**DATA SECTION**
--------------------

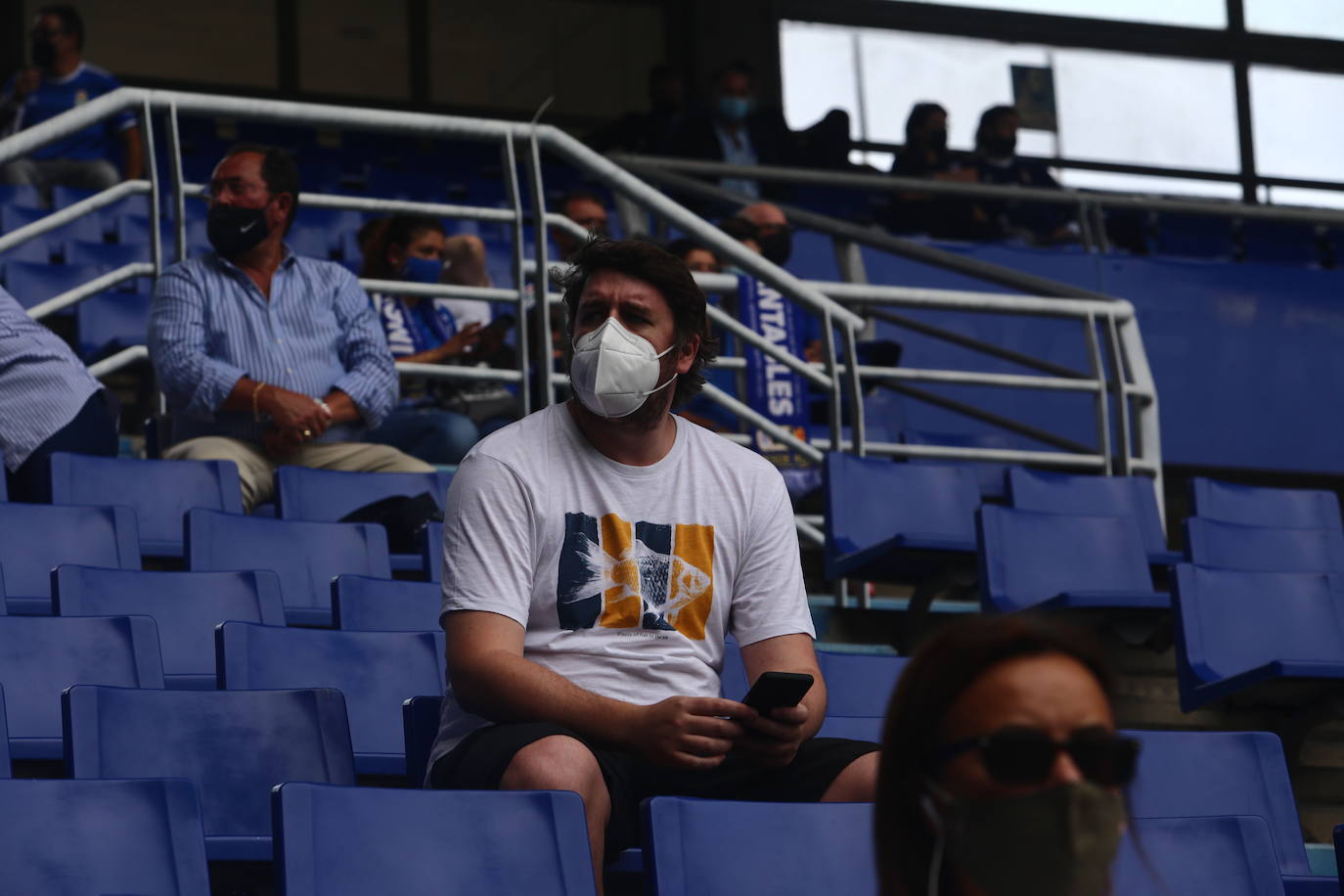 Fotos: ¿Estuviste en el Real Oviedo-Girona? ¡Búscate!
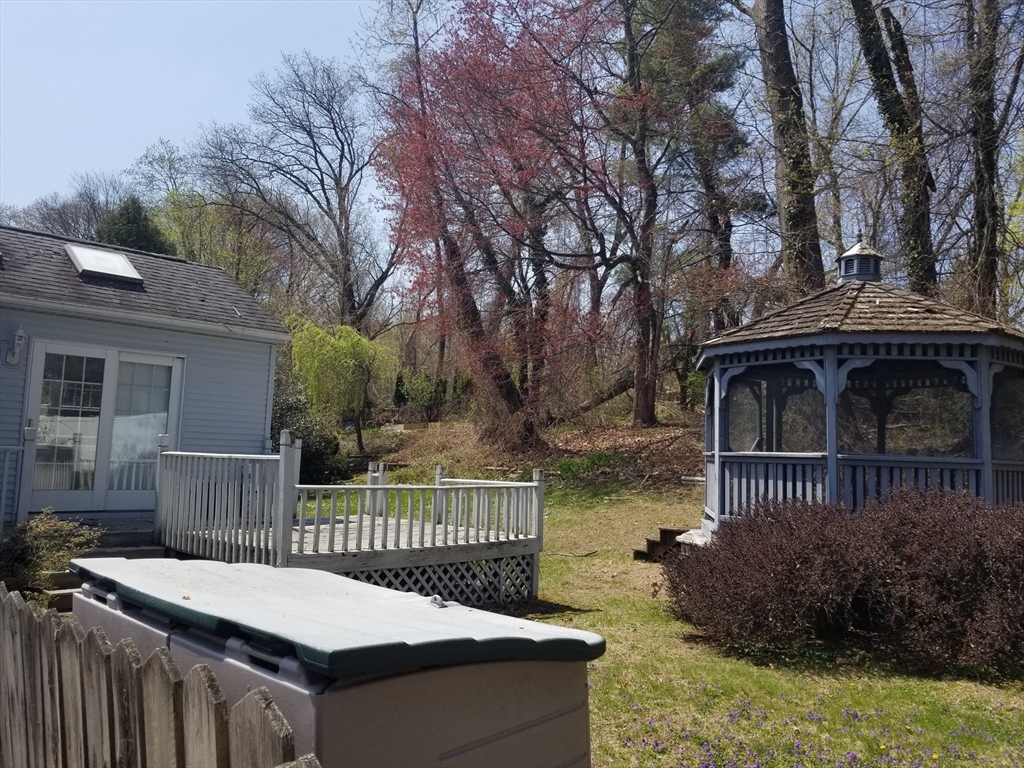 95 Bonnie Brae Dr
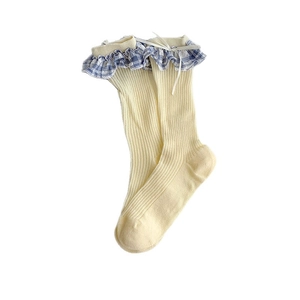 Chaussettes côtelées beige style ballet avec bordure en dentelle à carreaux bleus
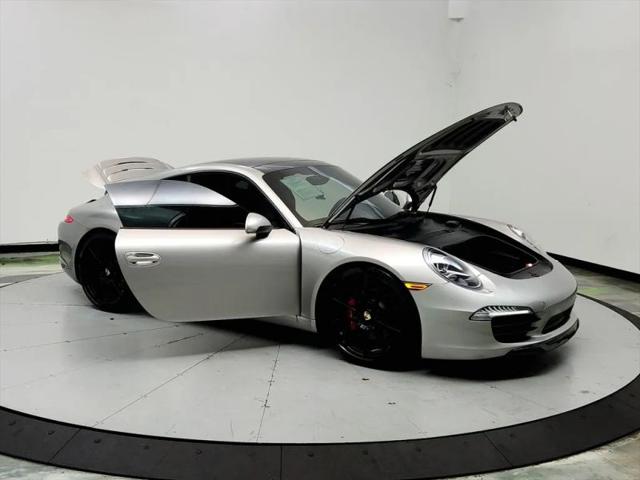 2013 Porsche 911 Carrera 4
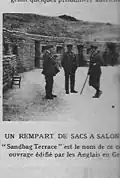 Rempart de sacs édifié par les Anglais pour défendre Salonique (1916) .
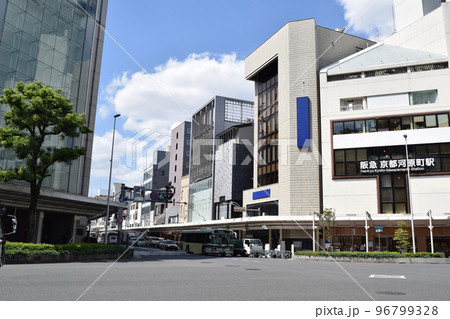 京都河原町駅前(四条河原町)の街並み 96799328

--------------------

**TASK TO COMPLETE**
Repeat the material exactly and drop each image.

**SOLUTION FOR THIS EXERCISE**
 Fotos: ¿Estuviste en el Real Oviedo-Girona? ¡Búscate!
 95 Bonnie Brae Dr
 Chaussettes côtelées beige style ballet avec bordure en dentelle à carreaux bleus
 2013 Porsche 911 Carrera 4
 Rempart de sacs édifié par les Anglais pour défendre Salonique (1916) .
 京都河原町駅前(四条河原町)の街並み 96799328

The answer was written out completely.